Amaurosis is partial or total loss of vision; the term is usually reserved for profound impairment, blindness, or near blindness. When amaurosis exists from birth, primary consideration in the differential diagnosis must be given to developmental malformations, damage consequent to gestational or perinatal infection, anoxia or hypoxia, perinatal trauma, and the genetically determined diseases that can affect the eye itself or the visual pathways. Often, the reason for amaurosis can be readily determined by objective ophthalmic examination; examples are severe microphthalmia, corneal opacification, dense cataracts, chorioretinal scars, macular defects, retinal dysplasia, and severe optic nerve hypoplasia. In other cases, an intrinsic retinal disease might not be apparent on initial ophthalmoscopic examination or the defect might involve the brain and not the eye. Neuroradiologic (CT or MRI) and electrophysiologic (electroretinography) evaluation may be especially helpful in these cases.

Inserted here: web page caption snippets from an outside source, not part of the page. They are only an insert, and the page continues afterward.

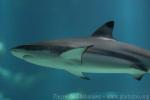 Blacktip reef shark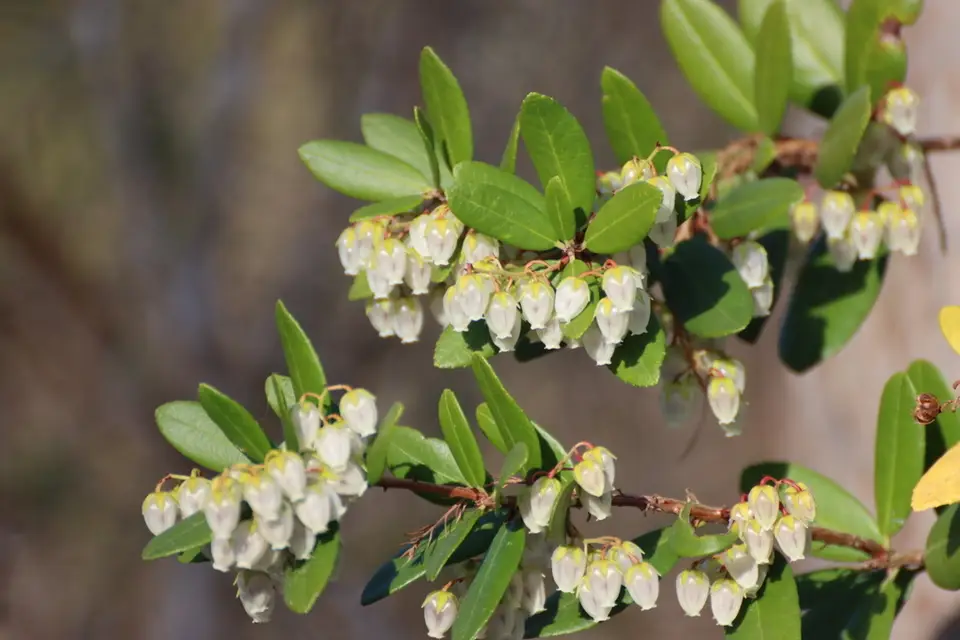 Climbing Fetterbush (Pieris phillyreifolia)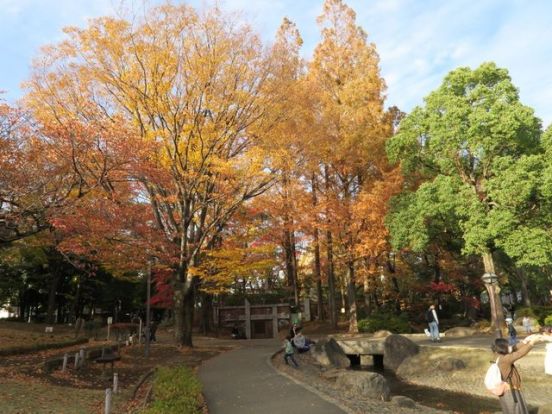 蚕糸の森公園の画像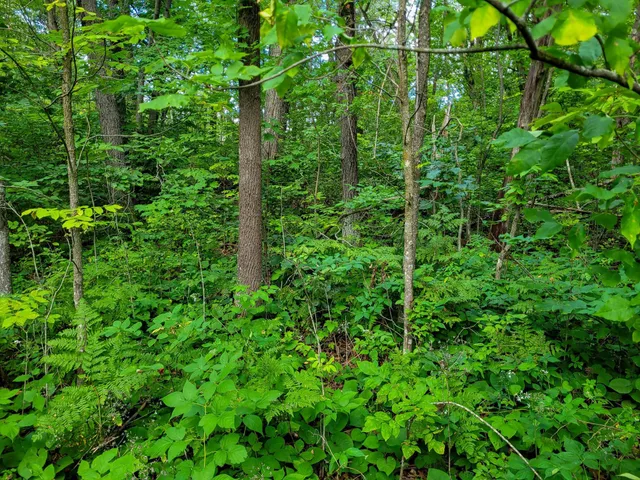 $7,400 | Tbd Ringneck Roost, Garrison, MN 56450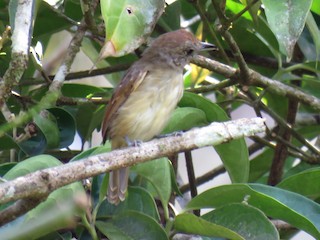  - Mouse-colored Antshrike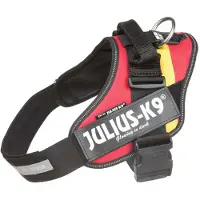 JULIUS K-9 Idc Power Koiran Valjaat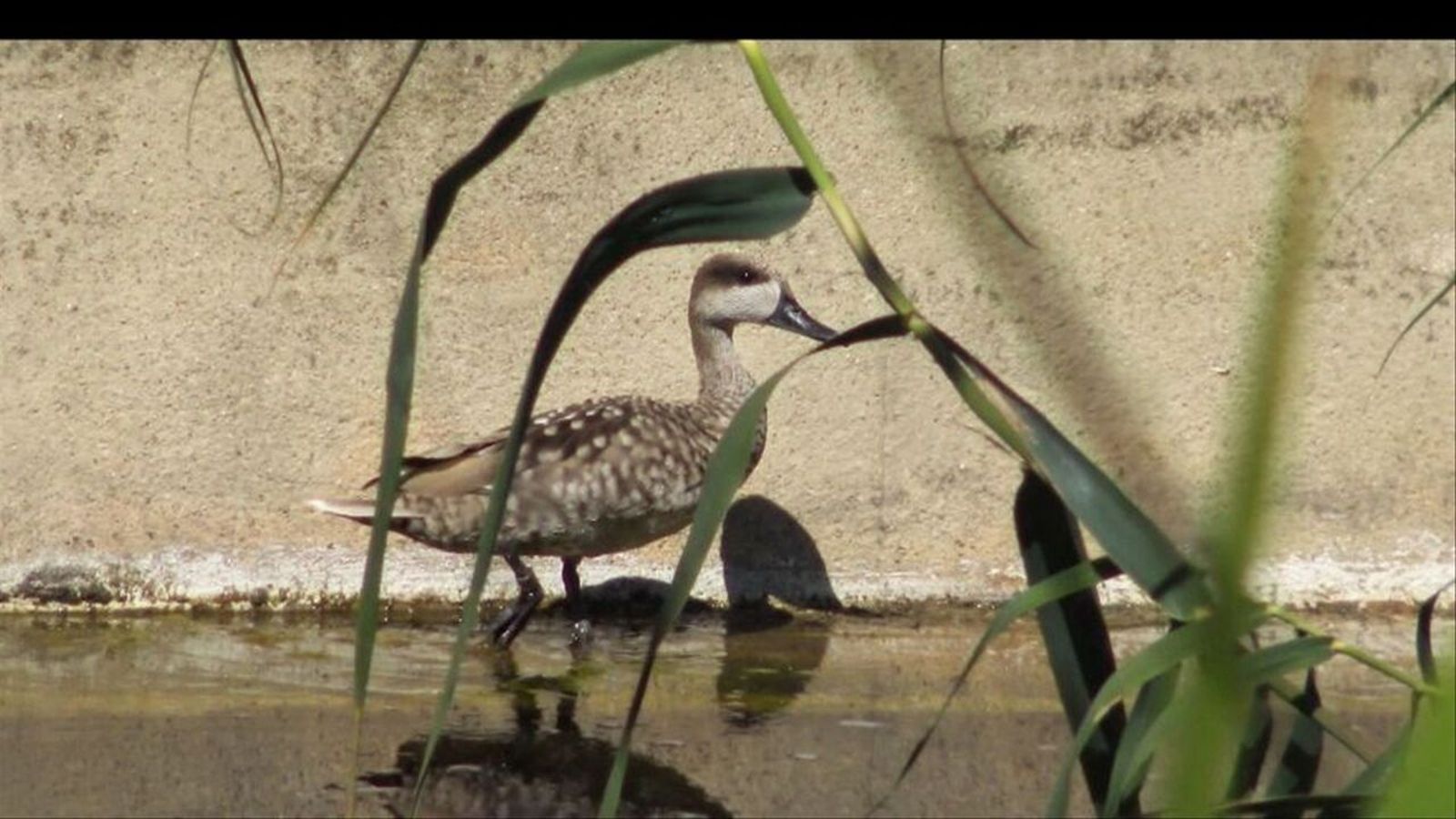 02.07.2024 | L'Albufera recupera la rosseta, l'ànec més amenaçat d'Europa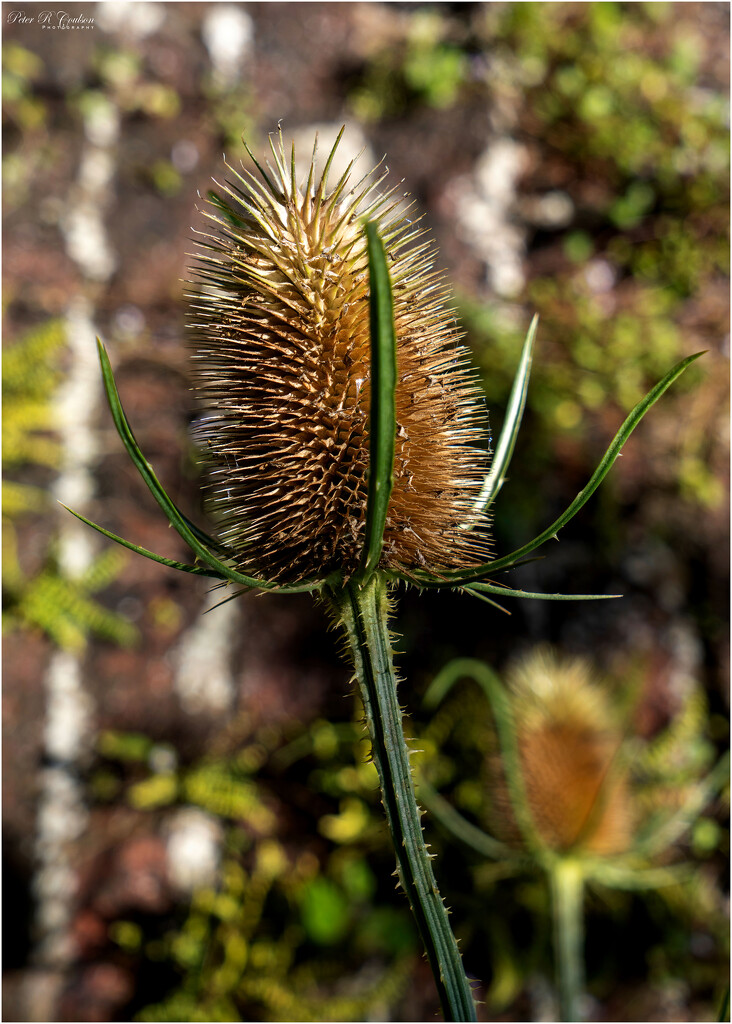 Teasel in the sun by pcoulson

Amaurosis that develops in a child who once had useful vision has different implications. In the absence of obvious ocular disease (cataract, chorioretinitis, retinoblastoma, retinitis pigmentosa), consideration must be given to many neurologic and systemic disorders that can affect the visual pathways. Amaurosis of rather rapid onset can indicate an encephalopathy (hypertension), infectious or parainfectious processes, vasculitis, migraine, leukemia, toxins, or trauma. It may be caused by acute demyelinating disease affecting the optic nerves, chiasm, or cerebrum. In some cases, precipitous loss of vision is a result of increased intracranial pressure, rapidly progressive hydrocephalus, or dysfunction of a shunt. More slowly progressive visual loss suggests tumor or neurodegenerative disease. Gliomas of the optic nerve and chiasm and craniopharyngiomas are primary diagnostic considerations in children who show progressive loss of vision.

Clinical manifestations of impairment of vision vary with the age and abilities of a child, the mode of onset, and the laterality and severity of the deficit. The first clue to amaurosis in an infant may be nystagmus or strabismus, with the vision deficit itself passing undetected for some time. Timidity, clumsiness, or behavioral change may be the initial clues in the very young. Deterioration in school progress and indifference to school activities are common signs in an older child. School-aged children often try to hide their disability and, in the case of very slowly progressive disorders, might not themselves realize the severity of the problem; some detect and promptly report small changes in their vision.

Any evidence of loss of vision requires prompt and thorough ophthalmic evaluation. Complete delineation of childhood amaurosis and its cause can require extensive investigation involving neurologic evaluation, electrophysiologic tests, neuroradiologic procedures, and sometimes metabolic and genetic studies. Furthermore, attendant special educational, social, and emotional needs must be met.